(Dataset content begins)

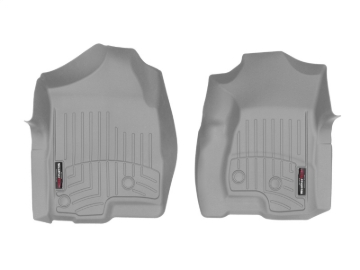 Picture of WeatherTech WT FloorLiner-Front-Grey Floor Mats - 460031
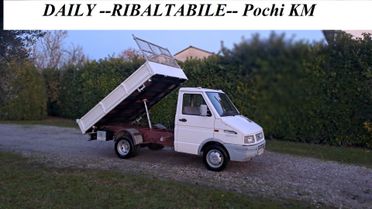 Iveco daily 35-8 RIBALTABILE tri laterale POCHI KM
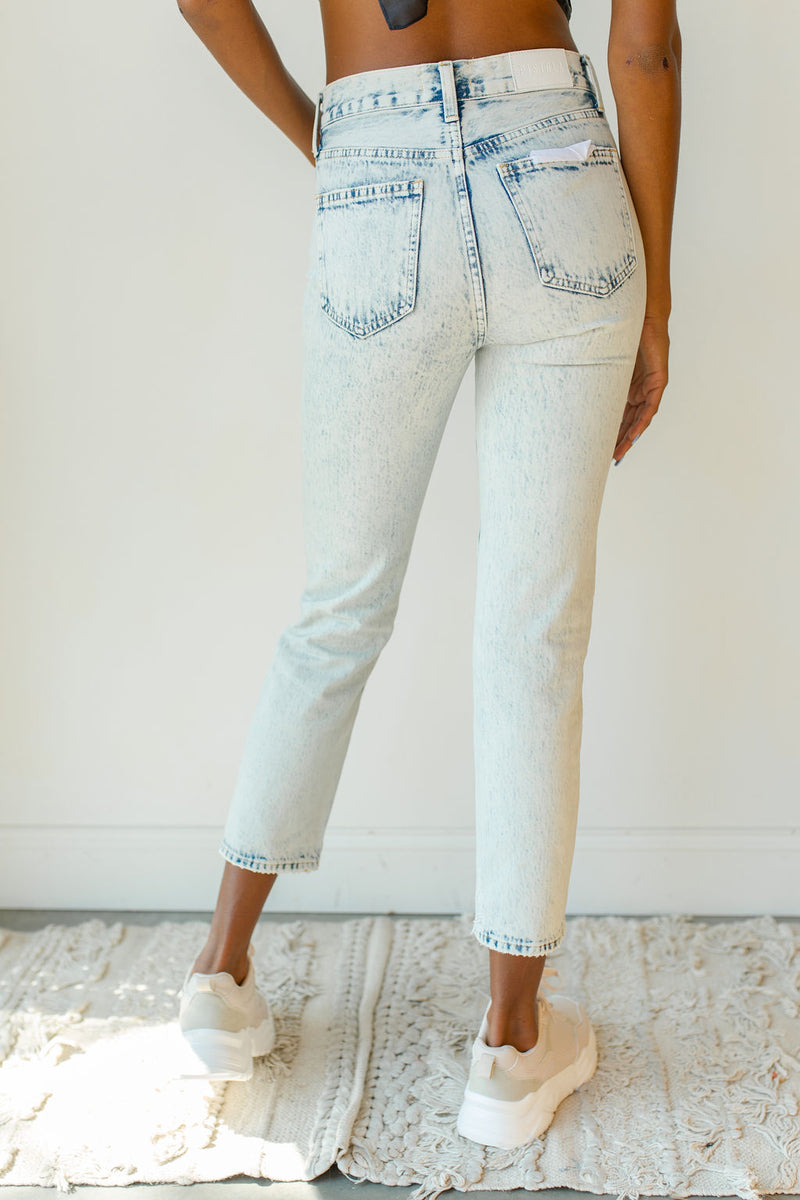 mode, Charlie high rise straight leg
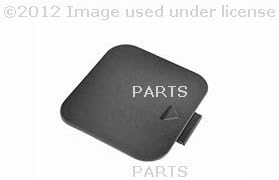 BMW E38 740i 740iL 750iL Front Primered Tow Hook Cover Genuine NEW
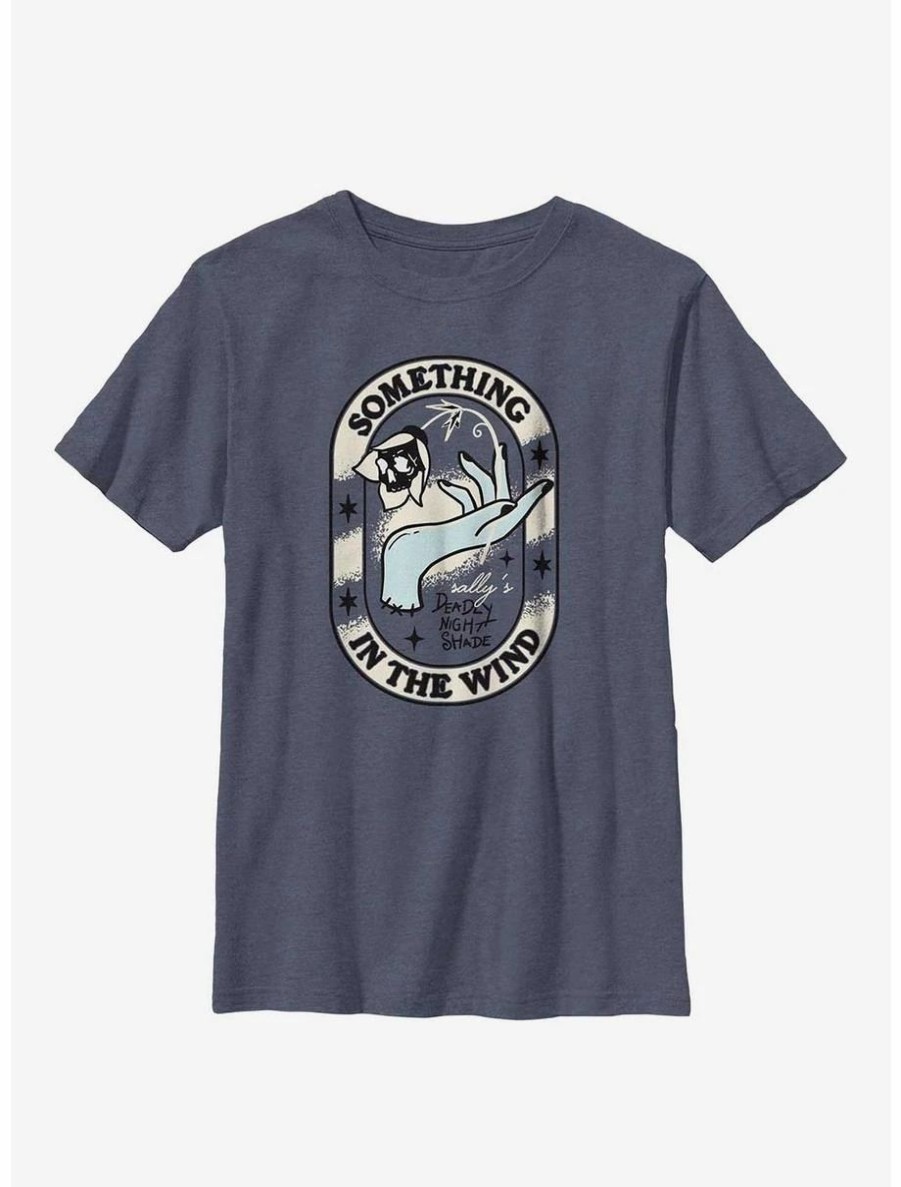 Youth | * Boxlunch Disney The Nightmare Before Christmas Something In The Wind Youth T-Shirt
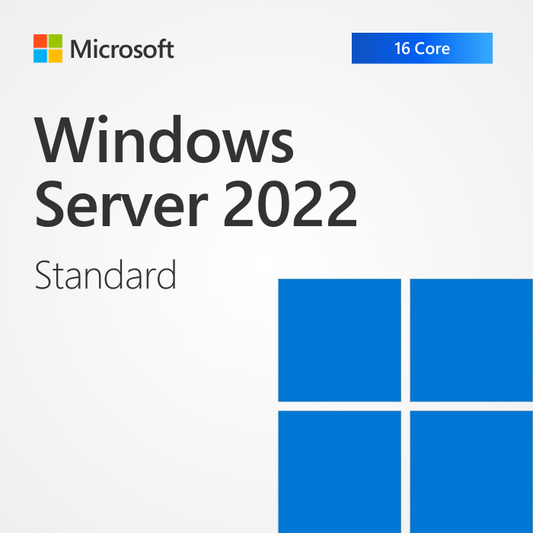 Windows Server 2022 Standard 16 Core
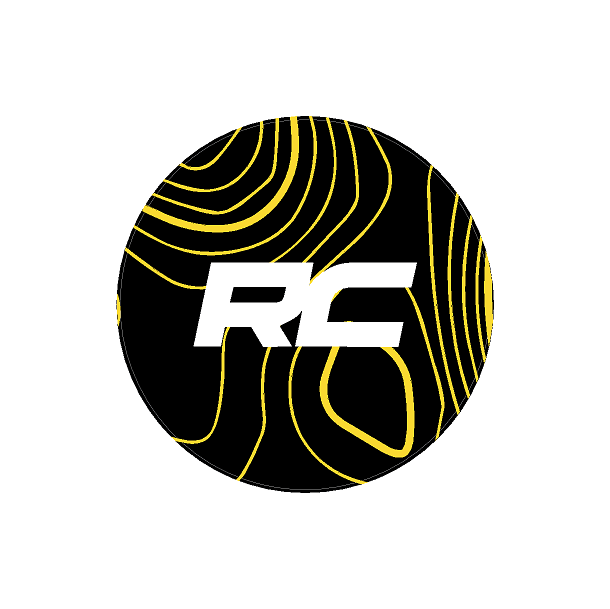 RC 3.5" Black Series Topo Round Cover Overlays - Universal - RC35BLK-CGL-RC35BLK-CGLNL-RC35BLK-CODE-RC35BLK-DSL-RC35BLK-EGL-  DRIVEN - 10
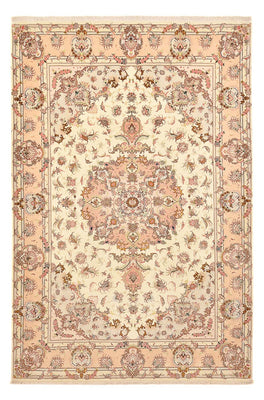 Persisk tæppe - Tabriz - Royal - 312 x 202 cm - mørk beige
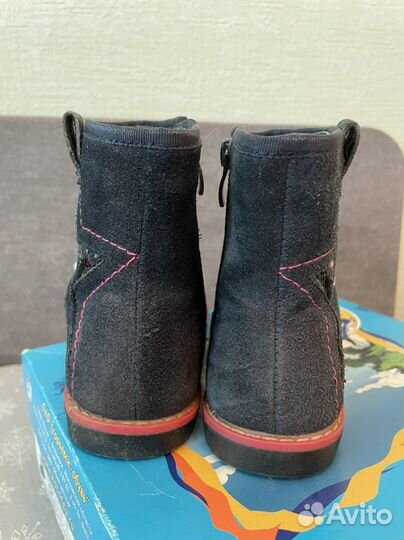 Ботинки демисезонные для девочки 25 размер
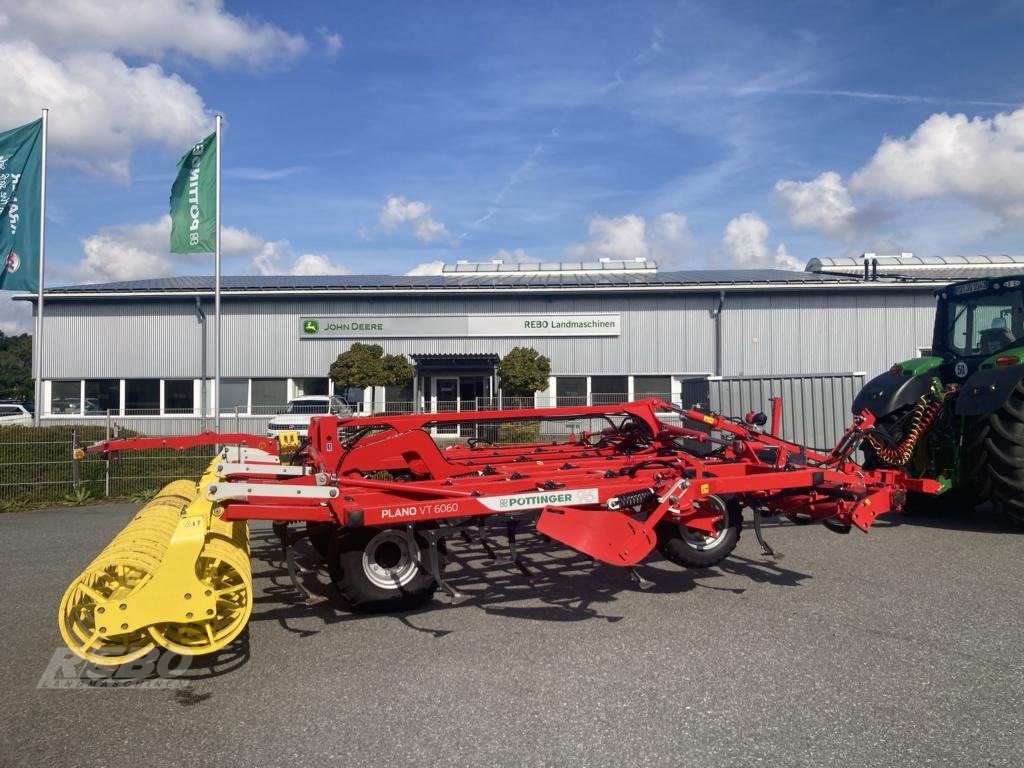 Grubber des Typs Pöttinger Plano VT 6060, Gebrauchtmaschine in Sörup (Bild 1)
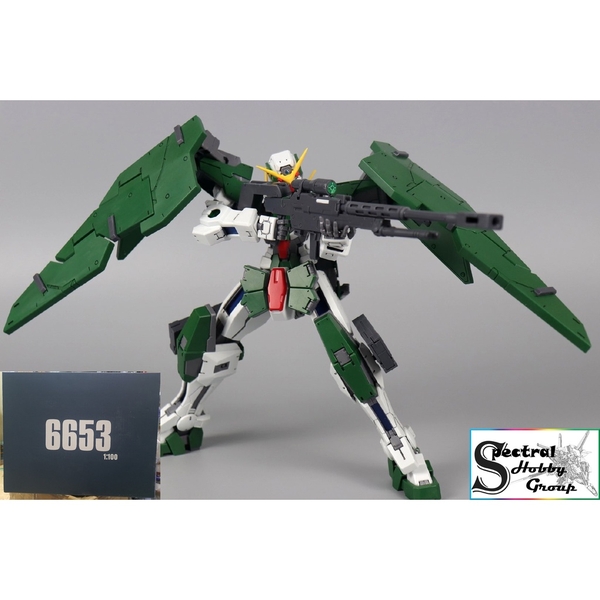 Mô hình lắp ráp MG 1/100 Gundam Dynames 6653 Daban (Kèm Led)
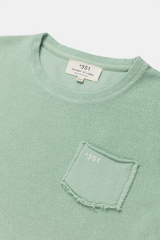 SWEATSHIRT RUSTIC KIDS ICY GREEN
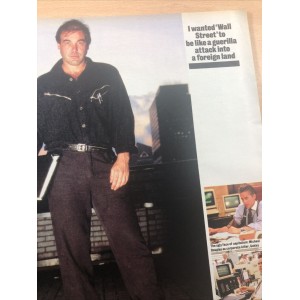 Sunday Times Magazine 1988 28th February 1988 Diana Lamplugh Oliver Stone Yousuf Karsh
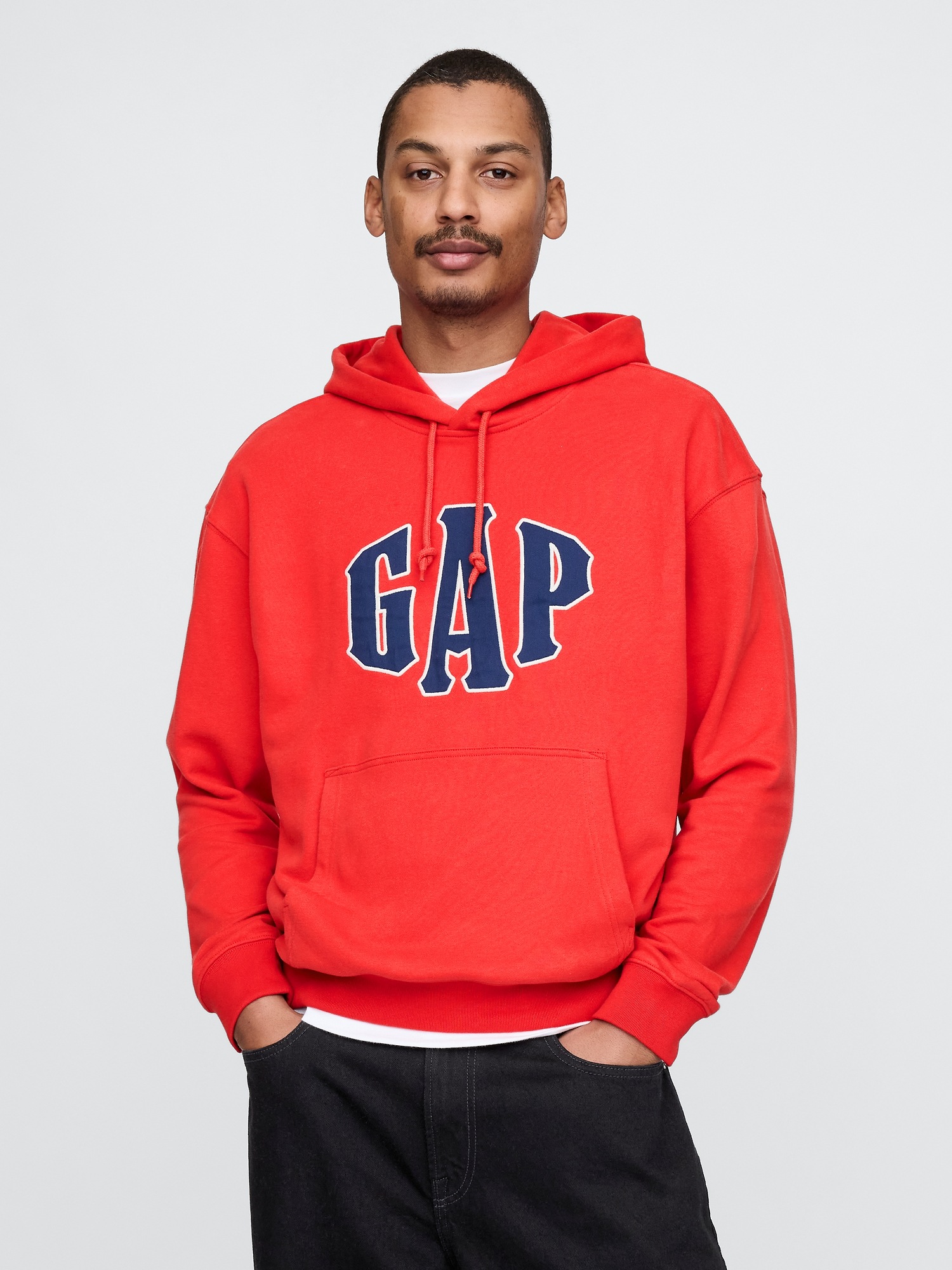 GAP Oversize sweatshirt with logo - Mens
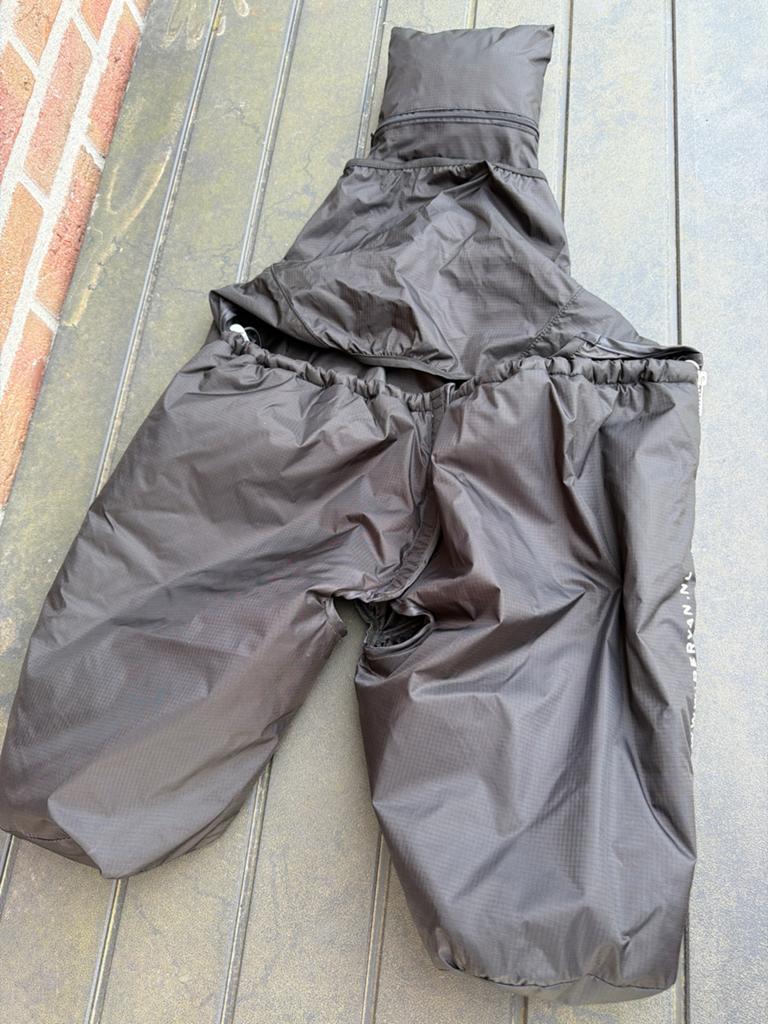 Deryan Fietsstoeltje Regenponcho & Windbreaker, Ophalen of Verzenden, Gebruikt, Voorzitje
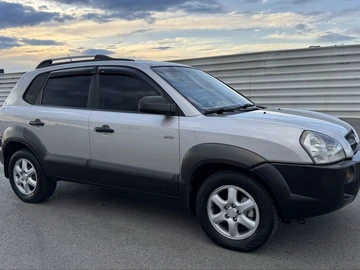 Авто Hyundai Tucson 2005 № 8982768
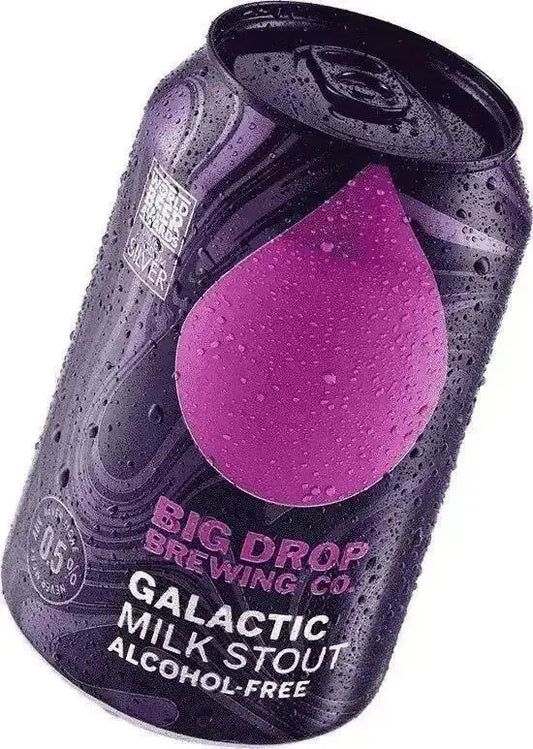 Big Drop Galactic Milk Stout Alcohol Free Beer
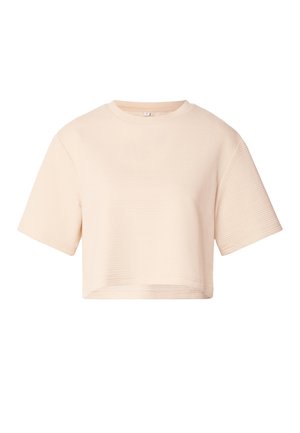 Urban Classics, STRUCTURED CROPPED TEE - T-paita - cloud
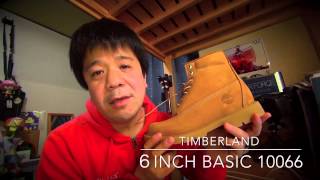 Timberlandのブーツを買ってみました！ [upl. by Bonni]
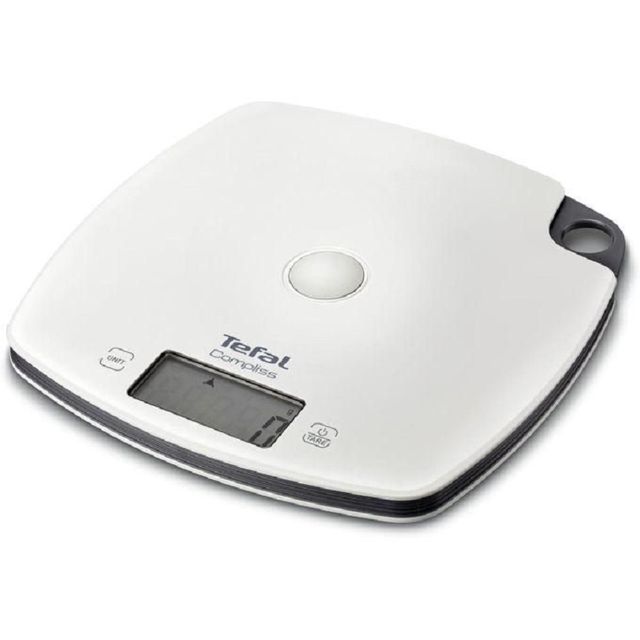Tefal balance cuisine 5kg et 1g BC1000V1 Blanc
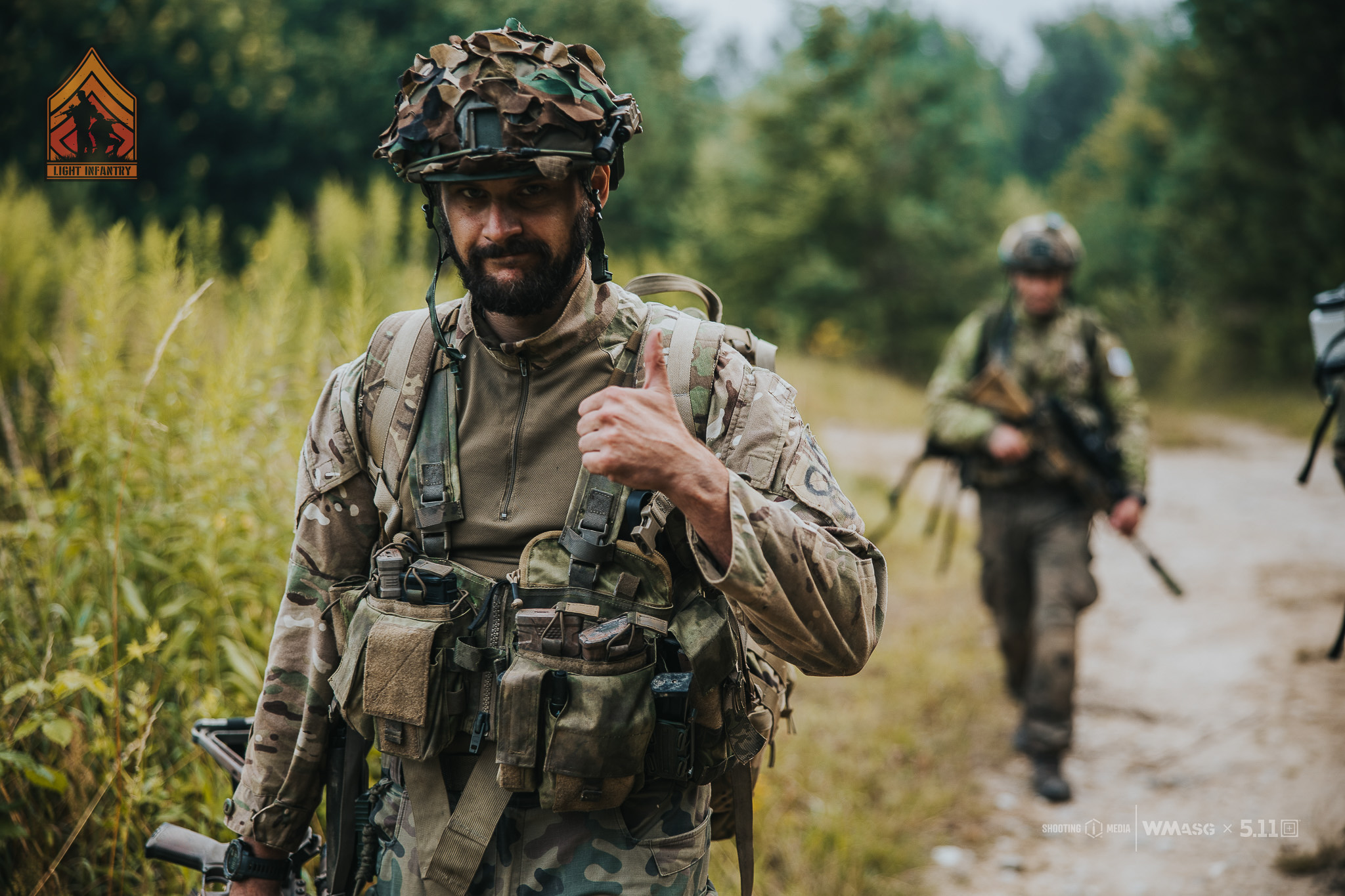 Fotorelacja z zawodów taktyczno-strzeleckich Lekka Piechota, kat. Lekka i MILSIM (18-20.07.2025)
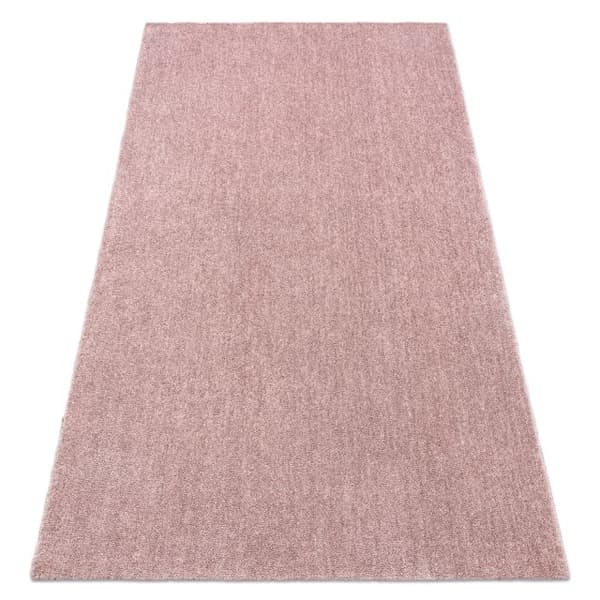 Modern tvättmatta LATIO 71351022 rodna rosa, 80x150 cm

(Dataset content ends)

▸ Exercise: All entries must be output exactly as they stand, and every picture must be left out.

▸ Your response:
 Picture of WeatherTech WT FloorLiner-Front-Grey Floor Mats - 460031
 Iveco daily 35-8 RIBALTABILE tri laterale POCHI KM
 mode, Charlie high rise straight leg
 BMW E38 740i 740iL 750iL Front Primered Tow Hook Cover Genuine NEW
 Youth | * Boxlunch Disney The Nightmare Before Christmas Something In The Wind Youth T-Shirt
 Windows Server 2022 Standard 16 Core
 RC 3.5" Black Series Topo Round Cover Overlays - Universal - RC35BLK-CGL-RC35BLK-CGLNL-RC35BLK-CODE-RC35BLK-DSL-RC35BLK-EGL-  DRIVEN - 10
 Persisk tæppe - Tabriz - Royal - 312 x 202 cm - mørk beige
 Ботинки демисезонные для девочки 25 размер
 Grubber des Typs Pöttinger Plano VT 6060, Gebrauchtmaschine in Sörup (Bild 1)
 Mô hình lắp ráp MG 1/100 Gundam Dynames 6653 Daban (Kèm Led)
 SWEATSHIRT RUSTIC KIDS ICY GREEN
 Sunday Times Magazine 1988 28th February 1988 Diana Lamplugh Oliver Stone Yousuf Karsh
 GAP Oversize sweatshirt with logo - Mens
 Deryan Fietsstoeltje Regenponcho & Windbreaker, Ophalen of Verzenden, Gebruikt, Voorzitje
 Авто Hyundai Tucson 2005 № 8982768
 Big Drop Galactic Milk Stout Alcohol Free Beer
 Urban Classics, STRUCTURED CROPPED TEE - T-paita - cloud
 Timberlandのブーツを買ってみました！ [upl. by Bonni]
Tefal balance cuisine 5kg et 1g BC1000V1 Blanc
 Fotorelacja z zawodów taktyczno-strzeleckich Lekka Piechota, kat. Lekka i MILSIM (18-20.07.2025)
 Modern tvättmatta LATIO 71351022 rodna rosa, 80x150 cm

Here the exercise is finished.